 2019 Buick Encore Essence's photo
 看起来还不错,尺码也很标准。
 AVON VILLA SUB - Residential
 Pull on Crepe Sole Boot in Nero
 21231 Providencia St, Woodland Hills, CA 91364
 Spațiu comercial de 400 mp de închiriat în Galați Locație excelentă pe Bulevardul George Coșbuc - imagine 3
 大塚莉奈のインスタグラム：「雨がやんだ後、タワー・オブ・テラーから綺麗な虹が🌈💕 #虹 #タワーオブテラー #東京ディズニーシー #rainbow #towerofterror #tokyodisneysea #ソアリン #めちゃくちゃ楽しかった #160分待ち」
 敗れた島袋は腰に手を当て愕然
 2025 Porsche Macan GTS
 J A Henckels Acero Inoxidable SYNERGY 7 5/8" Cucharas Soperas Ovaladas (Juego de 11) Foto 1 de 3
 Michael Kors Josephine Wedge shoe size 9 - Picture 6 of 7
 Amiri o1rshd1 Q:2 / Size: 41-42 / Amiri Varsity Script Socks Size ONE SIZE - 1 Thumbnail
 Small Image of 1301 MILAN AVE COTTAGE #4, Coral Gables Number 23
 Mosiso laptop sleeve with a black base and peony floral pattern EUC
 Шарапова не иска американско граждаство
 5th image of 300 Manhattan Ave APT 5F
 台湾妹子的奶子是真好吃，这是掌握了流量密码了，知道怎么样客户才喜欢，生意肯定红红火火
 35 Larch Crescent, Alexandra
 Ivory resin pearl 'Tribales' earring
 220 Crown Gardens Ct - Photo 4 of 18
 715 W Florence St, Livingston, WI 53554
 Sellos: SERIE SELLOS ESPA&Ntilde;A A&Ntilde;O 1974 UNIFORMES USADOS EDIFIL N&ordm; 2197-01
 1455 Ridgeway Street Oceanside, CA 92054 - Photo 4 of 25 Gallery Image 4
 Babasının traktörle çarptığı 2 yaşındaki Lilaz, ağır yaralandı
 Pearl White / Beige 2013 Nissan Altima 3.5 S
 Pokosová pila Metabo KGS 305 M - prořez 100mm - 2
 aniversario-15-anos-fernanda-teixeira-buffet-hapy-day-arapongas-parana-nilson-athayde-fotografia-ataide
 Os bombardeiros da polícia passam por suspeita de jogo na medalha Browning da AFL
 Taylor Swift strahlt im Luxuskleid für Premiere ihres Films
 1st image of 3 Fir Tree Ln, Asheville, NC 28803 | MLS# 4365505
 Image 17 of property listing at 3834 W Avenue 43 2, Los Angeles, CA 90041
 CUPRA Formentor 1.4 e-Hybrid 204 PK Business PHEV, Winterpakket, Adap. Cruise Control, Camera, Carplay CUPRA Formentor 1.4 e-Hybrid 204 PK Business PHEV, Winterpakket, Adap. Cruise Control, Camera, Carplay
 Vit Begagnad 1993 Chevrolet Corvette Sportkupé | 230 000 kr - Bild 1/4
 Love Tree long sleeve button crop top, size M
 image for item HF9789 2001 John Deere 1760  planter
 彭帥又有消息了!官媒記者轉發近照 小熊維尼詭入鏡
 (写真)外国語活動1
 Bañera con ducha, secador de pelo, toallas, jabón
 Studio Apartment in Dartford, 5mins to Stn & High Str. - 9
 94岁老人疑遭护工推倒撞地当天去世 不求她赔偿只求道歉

▬▬▬▬▬▬

Your reply must contain the line with "Vit Begagnad 1993" and each later line of the material, word for word, and nothing else.

 Vit Begagnad 1993 Chevrolet Corvette Sportkupé | 230 000 kr - Bild 1/4
 Love Tree long sleeve button crop top, size M
 image for item HF9789 2001 John Deere 1760  planter
 彭帥又有消息了!官媒記者轉發近照 小熊維尼詭入鏡
 (写真)外国語活動1
 Bañera con ducha, secador de pelo, toallas, jabón
 Studio Apartment in Dartford, 5mins to Stn & High Str. - 9
 94岁老人疑遭护工推倒撞地当天去世 不求她赔偿只求道歉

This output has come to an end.